Przy „czystym” RLAH oczywiście nie stracą. Ale na otwartych pakietach danych – oczywiście, ze tak. I to niekoniecznie musi być działanie podawane jako przykład przez szefową Virgin Mobile.
I ta mityczna siła nabywcza… A co to ma do rzeczy? Liczy się stawka jaką operatorzy partnerom roamingowym będą musieli płacić. A ta nie uwzględnia siły nabywczej w poszczególnych krajach Unii, nie?
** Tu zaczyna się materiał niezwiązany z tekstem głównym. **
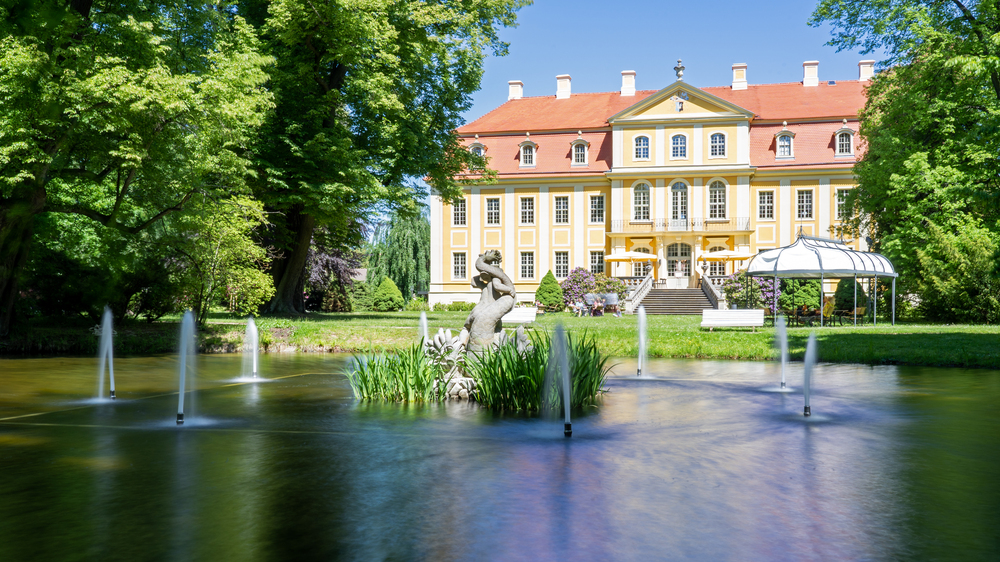 Barockschloss Rammenau Foto:  Ben Walther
I jeszcze jedno – ci rodacy pracujący za granicą… Rawo unijne nie zostało stworzone dla takich przypadków. Nie ma więc sensu argumentować w ten sposób. Prawo mówi wyraźnie: Zgodnie z rozporządzeniem (UE) nr 531/2012 polityka uczciwego korzystania ma na celu zapobieganie niewłaściwemu lub niestandardowemu korzystaniu przez klientów z detalicznych usług roamingu świadczonych po mających zastosowanie stawkach krajowych, np. korzystaniu z takich usług w celach innych niż okresowe podróże, np. stałemu korzystaniu z takich usług. Środki wykonawcze powinny zapewnić, by możliwość stosowania w tym celu polityki uczciwego korzystania z roamingu nie była wykorzystywana przez dostawców usług roamingu w innych celach, na szkodę klientów korzystających z roamingu podczas wszelkiego typu okresowych podróży.
Wyraźnie widać, że operatorzy dostają „wolną rękę” – oczywiście w ramach regulacji, żeby „normalnie korzystający” nie ponosili szkody w wyniku działania reszty cwaniaków 😉 I myślisz, ze operatorzy – nie tylko w Polsce nie wykorzystają tych narzędzi?
Pani Aniu, chyba regulator jest od obrony klientów nie firm? Ciągła dyskusja, jacy operatorzy są biedni, bo muszą zgodzić się na tak niskue stawki. A jakiś Pani nie pyta dlaczego Polacy zarabiają 4x mniej niż Niemcy na przykład
Pani Ania nie jest od dawna regulatorem 😉
Wszystko byłoby fajnie, gdyby UKE nie straszył operatorów karami. A tak Pani Ania, chce mieć ciastko i chce zjeśc ciastko. Z jednej strny grozi, a z drugie mówi jacy to operatorzy biedni i ile stracą na rlah. Coś tu nie gra
Streżyńska od dawna nie szefuje UKE 😉 Czym więc straszy?
Według mnie, niedługo z poparcuem UKE dojdzue do podziału ofert, tanich bez roami gu, dla tych osób, które nie wybierają się za granicę i droższych dla podróżujących.